Returning to David Patrikarakos’ baleful piece on the current situation in the DRC, and suggestions by her president, Joseph Kabila than MONUSCO should leave, in a previous blog-piece I discussed the ICC-trials arising from the Bogoro Massacre in February 2003.
The two senior commanders are Germain Katanga – former head the Patriotic Resistance Force in Ituri (FRPI), and an ethnic Ngiti – and Mathieu Ngudjolo Chui – one of Katanga’s senior officers as well as former head of the National Integrationist Front (NIF), and an ethnic Lendu. The strategically-placed village of Bogoro had been inhabited predominately by ethnic Hema, and by the Hema-led Union of Congolese Patriots (UPC).
The best way to describe the various actors in the Ituri Conflict which these events formed a part, not to mention the wider chaos of the region over the past two decades, is by a simple weather report: “showers of bastards everywhere”. Following the adoption of the Rome Statute in 2002 and the authorization by what passed for a national Government in the DRC for the ICC to indict the various bastards, the first individual to be arrested under a warrant was, in fact, the founder and head of the UPC, Thomas Lubanga (pictured above).
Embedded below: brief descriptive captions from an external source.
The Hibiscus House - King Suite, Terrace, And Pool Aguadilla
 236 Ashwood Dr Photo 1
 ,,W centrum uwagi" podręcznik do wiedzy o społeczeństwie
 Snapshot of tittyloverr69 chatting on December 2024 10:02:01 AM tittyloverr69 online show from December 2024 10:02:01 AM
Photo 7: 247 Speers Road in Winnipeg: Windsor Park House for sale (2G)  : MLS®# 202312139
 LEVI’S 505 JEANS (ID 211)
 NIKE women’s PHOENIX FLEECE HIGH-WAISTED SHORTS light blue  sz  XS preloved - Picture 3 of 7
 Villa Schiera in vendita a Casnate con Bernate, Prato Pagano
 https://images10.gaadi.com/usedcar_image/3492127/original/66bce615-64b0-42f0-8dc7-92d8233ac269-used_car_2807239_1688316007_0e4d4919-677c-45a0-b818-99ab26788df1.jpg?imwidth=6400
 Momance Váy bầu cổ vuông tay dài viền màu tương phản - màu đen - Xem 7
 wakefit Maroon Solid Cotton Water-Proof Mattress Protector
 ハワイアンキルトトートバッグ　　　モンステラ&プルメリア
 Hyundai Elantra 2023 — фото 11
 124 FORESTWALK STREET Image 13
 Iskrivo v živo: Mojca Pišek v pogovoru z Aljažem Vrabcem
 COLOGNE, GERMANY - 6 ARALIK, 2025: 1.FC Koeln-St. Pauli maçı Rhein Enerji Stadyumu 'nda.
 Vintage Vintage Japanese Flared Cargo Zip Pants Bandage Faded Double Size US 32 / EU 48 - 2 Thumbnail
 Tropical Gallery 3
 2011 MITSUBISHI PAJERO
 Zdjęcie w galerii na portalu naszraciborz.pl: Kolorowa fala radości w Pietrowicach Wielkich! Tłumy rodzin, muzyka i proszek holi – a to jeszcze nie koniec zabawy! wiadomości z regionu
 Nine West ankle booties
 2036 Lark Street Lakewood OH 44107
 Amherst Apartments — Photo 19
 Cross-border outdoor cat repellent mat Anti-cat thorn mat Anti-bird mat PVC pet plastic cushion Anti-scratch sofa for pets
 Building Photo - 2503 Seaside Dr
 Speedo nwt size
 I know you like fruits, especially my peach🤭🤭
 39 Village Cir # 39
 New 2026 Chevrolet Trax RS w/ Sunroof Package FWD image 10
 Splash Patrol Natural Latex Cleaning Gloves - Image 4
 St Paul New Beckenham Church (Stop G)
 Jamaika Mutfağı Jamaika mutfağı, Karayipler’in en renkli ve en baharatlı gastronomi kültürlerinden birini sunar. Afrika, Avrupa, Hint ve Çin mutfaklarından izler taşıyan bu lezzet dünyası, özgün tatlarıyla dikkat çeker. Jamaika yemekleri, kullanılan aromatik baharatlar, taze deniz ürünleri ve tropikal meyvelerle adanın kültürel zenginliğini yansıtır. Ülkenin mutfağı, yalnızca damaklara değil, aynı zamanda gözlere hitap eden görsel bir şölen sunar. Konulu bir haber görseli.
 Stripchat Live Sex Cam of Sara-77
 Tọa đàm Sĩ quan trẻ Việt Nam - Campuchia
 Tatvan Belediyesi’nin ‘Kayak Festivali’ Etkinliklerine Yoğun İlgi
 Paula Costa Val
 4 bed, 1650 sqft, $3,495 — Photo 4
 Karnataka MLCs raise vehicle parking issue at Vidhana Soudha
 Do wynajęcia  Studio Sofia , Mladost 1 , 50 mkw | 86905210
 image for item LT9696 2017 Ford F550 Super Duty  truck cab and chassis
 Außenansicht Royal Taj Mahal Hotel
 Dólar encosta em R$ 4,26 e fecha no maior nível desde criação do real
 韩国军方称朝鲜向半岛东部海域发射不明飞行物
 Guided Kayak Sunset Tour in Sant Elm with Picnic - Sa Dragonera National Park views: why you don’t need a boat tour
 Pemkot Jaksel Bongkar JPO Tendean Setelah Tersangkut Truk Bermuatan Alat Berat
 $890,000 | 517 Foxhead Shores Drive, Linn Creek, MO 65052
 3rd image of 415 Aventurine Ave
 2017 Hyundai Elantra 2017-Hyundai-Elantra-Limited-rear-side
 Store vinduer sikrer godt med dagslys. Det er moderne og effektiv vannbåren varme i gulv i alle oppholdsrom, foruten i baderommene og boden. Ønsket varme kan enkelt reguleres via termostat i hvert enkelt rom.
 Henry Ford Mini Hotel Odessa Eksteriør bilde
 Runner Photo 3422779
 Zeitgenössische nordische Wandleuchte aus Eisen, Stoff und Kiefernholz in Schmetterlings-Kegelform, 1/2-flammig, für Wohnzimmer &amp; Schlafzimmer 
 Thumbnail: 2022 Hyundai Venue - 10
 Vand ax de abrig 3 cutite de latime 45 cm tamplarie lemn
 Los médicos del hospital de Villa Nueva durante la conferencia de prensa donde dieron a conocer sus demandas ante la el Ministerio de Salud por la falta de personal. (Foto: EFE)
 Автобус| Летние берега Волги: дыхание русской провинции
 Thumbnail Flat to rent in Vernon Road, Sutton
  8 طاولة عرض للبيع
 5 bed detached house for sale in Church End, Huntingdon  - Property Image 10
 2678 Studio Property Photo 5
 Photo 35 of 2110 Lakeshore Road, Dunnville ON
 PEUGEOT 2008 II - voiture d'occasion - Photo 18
In the weeks surrounding the Bogoro Massacre alone, the UPC stands accused of numerous attacks on other villages which resulted in several lesser mass-killings before being ousted from the region by Ugandan forces which the FRPI and NIS had been aligned, as well as earlier eye-watering killings of non-Hema for no reason other than that.
Whilst attempting to operate as a purely political operator, Lubanga was arrested by Congolese forces in March 2005 following the killings of nine Bangladeshi UN peacekeepers at Kafe village in Ituri Province almost two years to the day after the Bogoro Massacre, apparently by UPC militia (although, unlike Belgian UN peacekeepers who could express their contempt for UN power-structures which left 10 of their comrades to be massacre by the Interahamwe in April 1994 by spitting on their blue caps, all SE Asian rivalries were forgotten, as Bangladeshis and Indians and Pakistanis and Nepalese returned with devastating firepower).
His transfer to ICC custody came a year later, albeit solely on charges of using child soldiers. The narrowness of these charges have attracted criticism due to the lack of opportunity for victims of the wider conflict to see an individual interrogated and/or punished (cf. Jean-Pierre Bemba Gombo facing trial only for actions in the Central African Republic), but also due to the matter of Lubanga not having held direct operational command: although the Prosecution must therefore show he had personal responsibility and knowledge of the enlisting of children under 15 on the front-line, it is helped some what by his having had personal bodyguards as young as 10.
(A similar warrant was issued for Bosco Ntaganga, one of Lubanga’s senior commanders in the UPC and who remains at large in the DRC.)
Although Lubanga was the first to be arrested on behalf of the ICC, such restrictions meant that proceedings for his trial began less than two years ago. Since then, there has been a six month adjournment following complaints from the Defence team that the Prosecution willfully was withholding information, as discussed by one project in the Open Society Justice Initiative. Further in camera hearings meant that proceedings were further delayed, and will resume tomorrow, 6 December.
The same project discussed a visit by Joseph Kabila to Ituti Province in September, during which he attended a UPC rally. This was seen by the author as a crude attempt to court the Hema vote in advance of national elections next year, and could be linked with his call for MONUSCO forces to leave the DRC.
Large areas of the eastern DRC, not least Ituri Province, are by no means stable as seen with the mass-rape around the village of Luvungi, Kivu Province July/August by Hutu militia. Discontent at Lubanga’s trial amongst UPC loyalists and other Hema remains, and Kabila appears to be encouraging rumours that Lubanga could be released by the end of the year.
This is highly unlikely, and the inevitable disappointment could well inflame tensions once more. Even if Lubanga were to be released, or acquitted, Ngiti and Lendu chauvinists are liable to feel aggrieved as their fellows remain on trial; as they do already because of the much wider, and easier to demonstrate charges against Germain Katanga and Mathieu Ngudjolo Chui.